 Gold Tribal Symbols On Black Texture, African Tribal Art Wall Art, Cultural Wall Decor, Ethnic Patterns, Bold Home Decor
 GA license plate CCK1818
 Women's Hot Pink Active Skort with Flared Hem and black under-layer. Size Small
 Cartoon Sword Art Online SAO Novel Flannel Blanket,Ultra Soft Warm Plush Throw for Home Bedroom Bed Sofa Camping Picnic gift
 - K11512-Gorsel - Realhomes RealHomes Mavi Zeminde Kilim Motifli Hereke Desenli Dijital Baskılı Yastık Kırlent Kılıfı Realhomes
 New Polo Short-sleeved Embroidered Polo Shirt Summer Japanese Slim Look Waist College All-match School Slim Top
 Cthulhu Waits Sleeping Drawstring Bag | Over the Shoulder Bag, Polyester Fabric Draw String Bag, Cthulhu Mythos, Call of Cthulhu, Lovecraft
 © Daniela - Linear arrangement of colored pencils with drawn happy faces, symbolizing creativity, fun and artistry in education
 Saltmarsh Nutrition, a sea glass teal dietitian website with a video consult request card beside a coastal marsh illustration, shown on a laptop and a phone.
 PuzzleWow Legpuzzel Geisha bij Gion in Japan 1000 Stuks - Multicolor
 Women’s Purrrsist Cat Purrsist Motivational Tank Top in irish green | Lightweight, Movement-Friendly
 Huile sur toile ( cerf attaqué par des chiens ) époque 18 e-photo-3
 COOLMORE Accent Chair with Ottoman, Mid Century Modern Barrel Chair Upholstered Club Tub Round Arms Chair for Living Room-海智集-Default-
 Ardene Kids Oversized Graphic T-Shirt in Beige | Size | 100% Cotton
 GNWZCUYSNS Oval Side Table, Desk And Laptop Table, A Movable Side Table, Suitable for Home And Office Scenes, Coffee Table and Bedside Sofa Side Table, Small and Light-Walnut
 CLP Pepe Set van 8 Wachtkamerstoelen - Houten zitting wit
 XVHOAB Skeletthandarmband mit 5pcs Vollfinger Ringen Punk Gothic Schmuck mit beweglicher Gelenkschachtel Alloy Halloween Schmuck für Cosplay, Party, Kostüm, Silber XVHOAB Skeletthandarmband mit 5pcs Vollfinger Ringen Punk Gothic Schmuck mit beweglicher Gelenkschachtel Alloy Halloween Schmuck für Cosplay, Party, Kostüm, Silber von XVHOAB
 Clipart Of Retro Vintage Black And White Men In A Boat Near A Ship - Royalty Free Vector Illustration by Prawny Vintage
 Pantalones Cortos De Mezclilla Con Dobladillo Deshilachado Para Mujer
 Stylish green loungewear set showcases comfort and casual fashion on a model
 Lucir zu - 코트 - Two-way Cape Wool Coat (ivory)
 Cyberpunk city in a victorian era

★ ★ ★ ★ ★ ★ ★

_Your task_
Word for word, restate the whole of the material above.

_Response area_
 Gold Tribal Symbols On Black Texture, African Tribal Art Wall Art, Cultural Wall Decor, Ethnic Patterns, Bold Home Decor
 GA license plate CCK1818
 Women's Hot Pink Active Skort with Flared Hem and black under-layer. Size Small
 Cartoon Sword Art Online SAO Novel Flannel Blanket,Ultra Soft Warm Plush Throw for Home Bedroom Bed Sofa Camping Picnic gift
 - K11512-Gorsel - Realhomes RealHomes Mavi Zeminde Kilim Motifli Hereke Desenli Dijital Baskılı Yastık Kırlent Kılıfı Realhomes
 New Polo Short-sleeved Embroidered Polo Shirt Summer Japanese Slim Look Waist College All-match School Slim Top
 Cthulhu Waits Sleeping Drawstring Bag | Over the Shoulder Bag, Polyester Fabric Draw String Bag, Cthulhu Mythos, Call of Cthulhu, Lovecraft
 © Daniela - Linear arrangement of colored pencils with drawn happy faces, symbolizing creativity, fun and artistry in education
 Saltmarsh Nutrition, a sea glass teal dietitian website with a video consult request card beside a coastal marsh illustration, shown on a laptop and a phone.
 PuzzleWow Legpuzzel Geisha bij Gion in Japan 1000 Stuks - Multicolor
 Women’s Purrrsist Cat Purrsist Motivational Tank Top in irish green | Lightweight, Movement-Friendly
 Huile sur toile ( cerf attaqué par des chiens ) époque 18 e-photo-3
 COOLMORE Accent Chair with Ottoman, Mid Century Modern Barrel Chair Upholstered Club Tub Round Arms Chair for Living Room-海智集-Default-
 Ardene Kids Oversized Graphic T-Shirt in Beige | Size | 100% Cotton
 GNWZCUYSNS Oval Side Table, Desk And Laptop Table, A Movable Side Table, Suitable for Home And Office Scenes, Coffee Table and Bedside Sofa Side Table, Small and Light-Walnut
 CLP Pepe Set van 8 Wachtkamerstoelen - Houten zitting wit
 XVHOAB Skeletthandarmband mit 5pcs Vollfinger Ringen Punk Gothic Schmuck mit beweglicher Gelenkschachtel Alloy Halloween Schmuck für Cosplay, Party, Kostüm, Silber XVHOAB Skeletthandarmband mit 5pcs Vollfinger Ringen Punk Gothic Schmuck mit beweglicher Gelenkschachtel Alloy Halloween Schmuck für Cosplay, Party, Kostüm, Silber von XVHOAB
 Clipart Of Retro Vintage Black And White Men In A Boat Near A Ship - Royalty Free Vector Illustration by Prawny Vintage
 Pantalones Cortos De Mezclilla Con Dobladillo Deshilachado Para Mujer
 Stylish green loungewear set showcases comfort and casual fashion on a model
 Lucir zu - 코트 - Two-way Cape Wool Coat (ivory)
 Cyberpunk city in a victorian era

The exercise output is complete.